Event | Art Supply Warehouse Fine Arts Weekend

Reported by Maria Del Pinto

I am always on the look out for new ways to expose my kids to the fine arts, in a fun and enjoyable manner.  I was lucky to find out that the local Art Supply Warehouse store was hosting a fine arts event on their property.  It was free to the public, which was a major boost to my pocket book.  Additionally, they encouraged children and adults of all ages to participate (which meant they would have workshops that were child-friendly).
The “Fine Arts Event” was a three-day event that offered several different workshops to choose from on  each day.  There were also hourly demonstrations put on by a variety of artists.  The event also offered an opportunity to create a piece of art through the “Remaster The Masters” event to display on the Catalyst art class space wall.
We anticipated that we would probably spend the day at the event, so my kids packed a light lunch and off we went to the “Fine Arts Weekend Event”.  The first stop was at the store, so we could stock up on the art supplies we were low on.  The Art Supply Warehouse offers a 25% sale at least two times a year and this year it was timed at the same time as the fine arts event.  We have learned to shop first because at those prices they tend to run out of the things we need very quickly.
Once the shopping was completed, we went to the first demonstration which was sponsored by Strathmore.
This was a mixed media workshop where the kind folks at Strathmore provided each participant with one of their new mixed media pads to test out with watercolors, charcoals and pastels.
There were students of all ages taking this workshop.
If you are into junk journals, art journals, mixed media pieces, etc., you may find that these pads are great.  The instructor had samples of different materials that she used on these pads.  The first one was a page from her Strathmore Mixed Media Pad showing the use of Pan Pastels and Stencils.
The second was her Strathmore Mixed Media Pad showing the use of Golden’s Acrylic and hot sticks.
The third was a sample of air brushing on the same pad.
The fourth was an actual in class project by one of the students using watercolor sticks put down in layers to get vibrant colors.  She used a lot of water and still the paper did not buckle, which I think is a plus.
The next workshop we attended was soft pastels workshop which was presented by Lon Dekkers and sponsored by Rembrandt.

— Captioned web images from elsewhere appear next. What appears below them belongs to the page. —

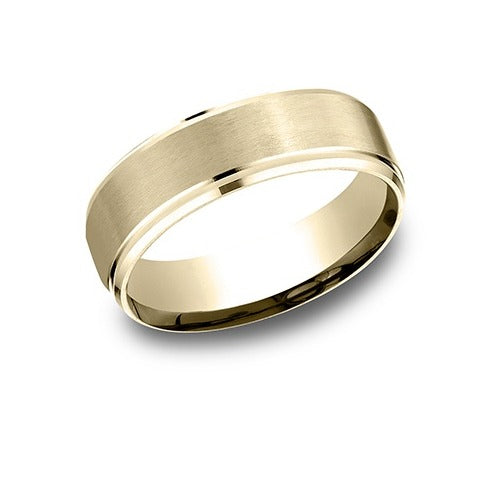Light Comfort Fit Drop Bevel Band with Satin Center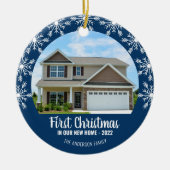 Eerste Kerstmis in onze New Home Photo Blue Keramisch Ornament (Voorkant)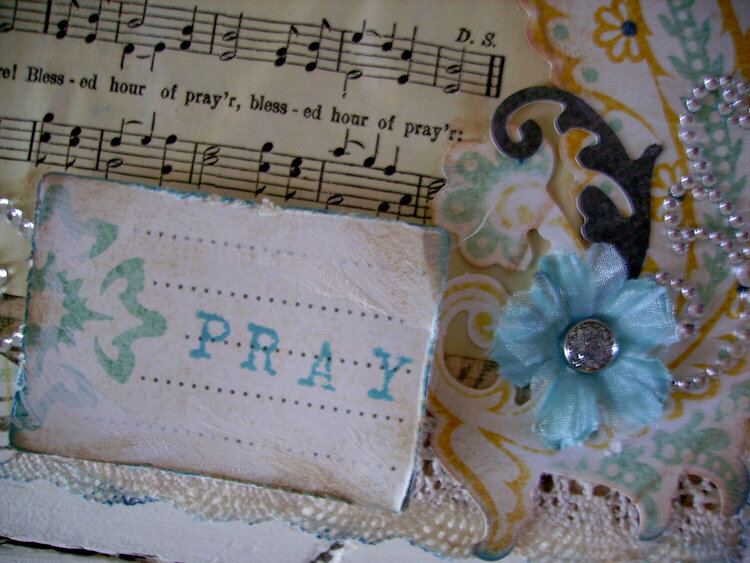 Closeup of Pray Altered Canvas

You may wonder what is so special about these pastels, for us it is that they do not contain any heavy metals (such as cadmium, lead, and cobalt).  My daughter has certain allergies and these did not cause any reaction.  The colors are also very rich and easy to work with.

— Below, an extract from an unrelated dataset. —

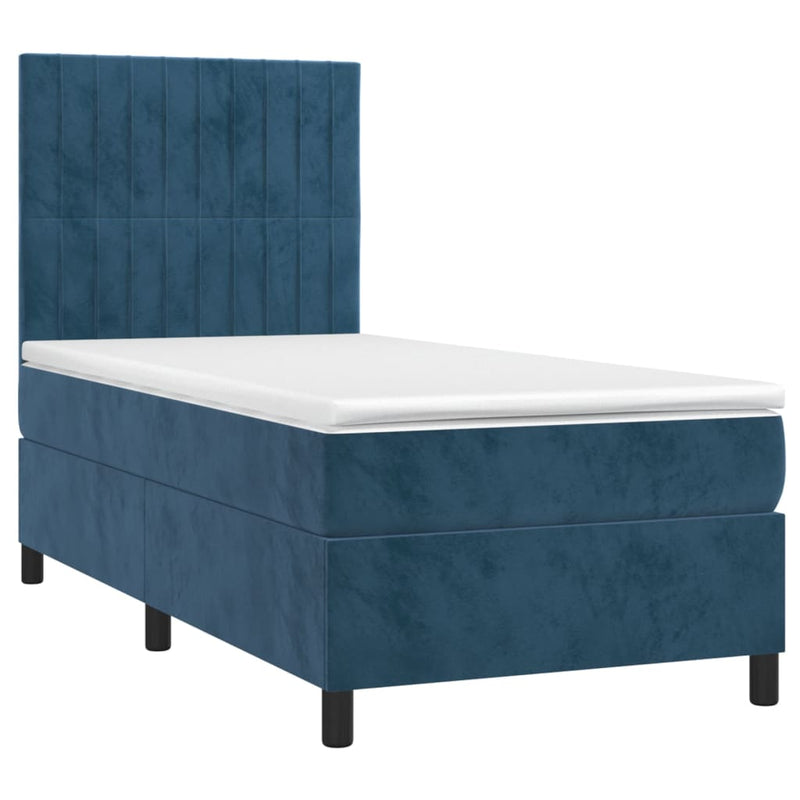 Boxspringbett mit Matratze & LED Dunkelblau 80x200 cm Samt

Lon showed how to use the side of the pastel to fill in larger areas in the drawing.
He also went over several different ways to use the pastels to create depth and light.
Lon Dekkers demonstrating the Rembrandt Soft Pastels
He was very patent with my teenager, and happily answered all her questions.  She asked him to do a whole apple without smudging the colors on the apple,
so she could better understand how the use of particular colors brought light and depth into the apple drawing.

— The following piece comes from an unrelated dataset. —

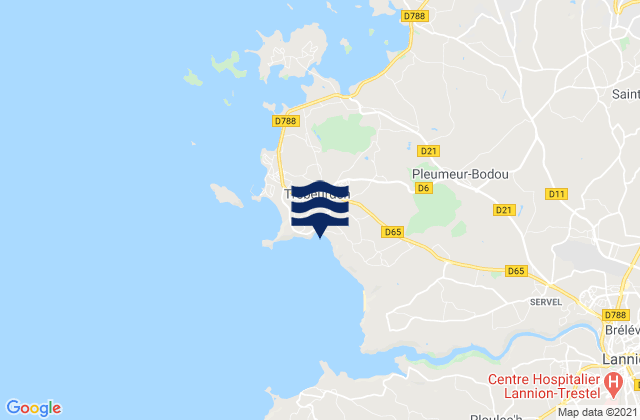 Mappa delle maree di Beg Leguer, France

My daughter’s apple drawing
Her apple drawing came out really well.  Unfortunately, my apple turned into pumpkin (thank goodness that I do not have to rely on my own drawing skills to create cards).
My pumpkin.
My daughters definitely loved this workshop and I am sure I will see a set of these soft pastels added to their Christmas wish lists.
The next workshop we attended was an oil painting workshop which featured paints from the Jack Richeson Oil Paint – Shiva Collection.
The teacher, Jeff Morrow, for this workshop was a very patent artist.  Teaching oil painting to a group of individuals of varied ages and experience is no easy task.
  He taught us how to combine colors, use the various tools and some different painting techniques.
He also shared tips with the students, one of which is to think about perspective when working on a painting. This was helpful, since many of the students had never used oil paints before and were feeling bit nervous about working with them.
Oil Painting without a frame.
Another fun tip was that he showed us how the right frame can change how a painting looks.  The above the painting is great.  However, when you add a frame…
Oil Painting with a white frame.
…it definitely changes the way the finished painting looks.
 Another fun workshop we were able to attend was an “Artist Trading Card” workshop.   In this workshop we had the opportunity to try out the Daler Rowney’s FW Acrylic Inks.
This workshop was taught by calligraphy artist and author, Lisa Engelbrecht,
who taught us some fun techniques for creating our own Artist Trading Cards.
I am a big fan of making Artist Trading Cards because of their size.   I find that Artist Trading Cards are a manageable craft project and allow me to try out a variety of textiles, materials, etc. on them within a short time span.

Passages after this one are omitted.